The primary aim of this study was to elucidate the molecular mechanisms underlying the interaction between B. velezensis XY40-1 and C. capsici. Our findings demonstrated that B. velezensis substantially enhances its inhibitory effect on C. capsici and promotes crop health following acid-resistant domestication (Fig. 1). The antifungal strategy employed by B. velezensis is often multifaceted. Transcriptome analysis of B. velezensis in response to C. capsici revealed that the most significantly enriched metabolic pathways were related to nonribosomal peptide structures and the biosynthesis of phenylalanine, tyrosine, and tryptophan (Fig. 3). Surfactin, synthesized from nonribosomal peptide structures, exhibits stability across a broad pH range (24). Surfactin plays a key role in biocontrol by facilitating biofilm formation in Bacillus. By disrupting the biofilms of plant pathogens, this process can lead to cell damage and death, thereby inducing systemic resistance in plants (25). In the study, the expression of the srfAA, srfAC, and srfAD genes, which encode the srfA manipulator in the nonribosomal peptide pathway, was found to be downregulated (Fig. 5 and 6). Similarly, the downregulation of the srfAD gene in B. velezensis was observed following infection by C. gloeosporioides (20). Wang et al. showed that B. velezensis precisely regulates the expression of srfAD and related genes to synthesize surfactin and control the metabolic pathway in response to C. gloeosporioides infections (20). This suggests that despite a reduction in surfactin production, it still exhibited a significant antagonistic effect on C. capsici. Moreover, the core genes trpE and trpD were upregulated in B. velezensis (Fig. 5 and 6), playing a critical role in the regulation of phenylalanine, tyrosine, and tryptophan biosynthesis. Among these, tryptophan serves as a precursor for the production of IAA through enzymatic conversion. The upregulation of the trpC gene further supports this process, as it directly participates in IAA biosynthesis. Zaid DS et al. (26) identified the genes trpA, trpB, trpC, trpD, trpE, and trpF in the Bacillus velezensis HNA3 genome as being involved in IAA production. The increase in IAA promotes the growth and root development of Capsicum. These findings suggest that B. velezensis was involved in IAA synthesis through amino acid metabolism in response to C. capsici.

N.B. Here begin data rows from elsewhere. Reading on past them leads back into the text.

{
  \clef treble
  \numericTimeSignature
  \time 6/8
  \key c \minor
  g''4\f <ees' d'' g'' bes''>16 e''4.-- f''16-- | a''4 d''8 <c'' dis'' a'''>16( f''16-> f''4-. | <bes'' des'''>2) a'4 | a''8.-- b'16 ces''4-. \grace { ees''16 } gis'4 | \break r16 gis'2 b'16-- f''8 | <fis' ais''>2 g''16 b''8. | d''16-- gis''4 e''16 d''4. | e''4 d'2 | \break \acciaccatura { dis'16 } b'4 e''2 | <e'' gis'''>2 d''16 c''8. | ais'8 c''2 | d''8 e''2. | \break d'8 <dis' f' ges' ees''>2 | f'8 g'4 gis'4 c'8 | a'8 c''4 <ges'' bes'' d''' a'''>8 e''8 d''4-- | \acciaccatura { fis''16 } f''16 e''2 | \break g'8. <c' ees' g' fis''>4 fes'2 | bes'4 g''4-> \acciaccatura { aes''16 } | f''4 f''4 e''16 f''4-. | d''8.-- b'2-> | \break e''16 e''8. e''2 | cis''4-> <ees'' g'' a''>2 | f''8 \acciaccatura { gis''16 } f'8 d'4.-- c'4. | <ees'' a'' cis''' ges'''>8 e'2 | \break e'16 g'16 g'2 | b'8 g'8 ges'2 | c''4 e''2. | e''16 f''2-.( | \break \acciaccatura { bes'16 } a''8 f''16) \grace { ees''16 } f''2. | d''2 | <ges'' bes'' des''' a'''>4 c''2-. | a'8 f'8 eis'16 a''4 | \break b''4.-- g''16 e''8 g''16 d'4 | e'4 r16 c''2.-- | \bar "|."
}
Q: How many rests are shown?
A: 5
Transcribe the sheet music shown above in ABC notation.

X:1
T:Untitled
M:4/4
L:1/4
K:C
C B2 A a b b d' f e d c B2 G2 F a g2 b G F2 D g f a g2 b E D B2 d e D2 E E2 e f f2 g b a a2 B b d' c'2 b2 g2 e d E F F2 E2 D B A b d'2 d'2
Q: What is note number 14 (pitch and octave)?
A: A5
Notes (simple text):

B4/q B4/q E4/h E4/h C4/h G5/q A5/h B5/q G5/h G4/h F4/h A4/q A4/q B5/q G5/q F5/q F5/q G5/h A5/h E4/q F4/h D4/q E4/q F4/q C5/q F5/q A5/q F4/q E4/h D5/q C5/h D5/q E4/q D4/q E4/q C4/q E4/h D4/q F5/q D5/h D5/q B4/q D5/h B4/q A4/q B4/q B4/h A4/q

In co-cultured PDA agar plates, C. capsici growth was inhibited and exhibited rhombus-shaped morphology (Fig. 1). Transcriptomic analysis revealed that PPI core genes were associated with glycine, serine and threonine metabolism, carotenoid biosynthesis, ribosome, and protein processing in endoplasmic reticulum pathways (Fig. 4). For instance, the downregulation of the gene (for) encoding serine hydroxymethyltransferase (SHMT) can have significant implications for both C. capsici and B. velezensis. First, reduced SHMT activity may result in decreased accumulation of serine, glycine, and 5,10-methylene THF (27). For C. capsici, this condition affects nucleotide synthesis, leading to a slowing down of fungal growth in response to bacterial attack. Meanwhile, for B. velezensis, serine is an essential amino acid for bacterial growth, and the reduction of glycine may limit the utilization of nitrogen sources by B. velezensis, thereby inhibiting its proliferation. Furthermore, previous studies have shown that serine has antioxidant and cytoprotective effects on HUVECs by inducing antioxidant factors such as Nrf2, HO-1, and NO (28). Although the relationship between SHMT and ROS resistance in C. capsici has not been explicitly studied, it is plausible to hypothesize that serine could enhance fungal resistance to reactive oxygen species (ROS) generated by B. velezensis. In addition, carotenoids produced through the upregulation of ylo-1 possess antioxidant properties and can enhance self-resistance by scavenging DPPH radicals, reducing antioxidant capacity, and inhibiting lipid peroxidation activity (29). Furthermore, the downregulation of cns1, a gene involved in the ribosomal pathway, and sil1, a gene associated with protein processing in the endoplasmic reticulum, suggests a decline in mitochondrial function and endoplasmic reticulum homeostasis in C. capsici cells (30, 31), which weakens its defense mechanisms (Fig. 5 and 6). Overall, C. capsici likely defends itself against B. velezensis through oxidative stress response, restriction of bacterial nutrient competition, and maintenance of cellular homeostasis.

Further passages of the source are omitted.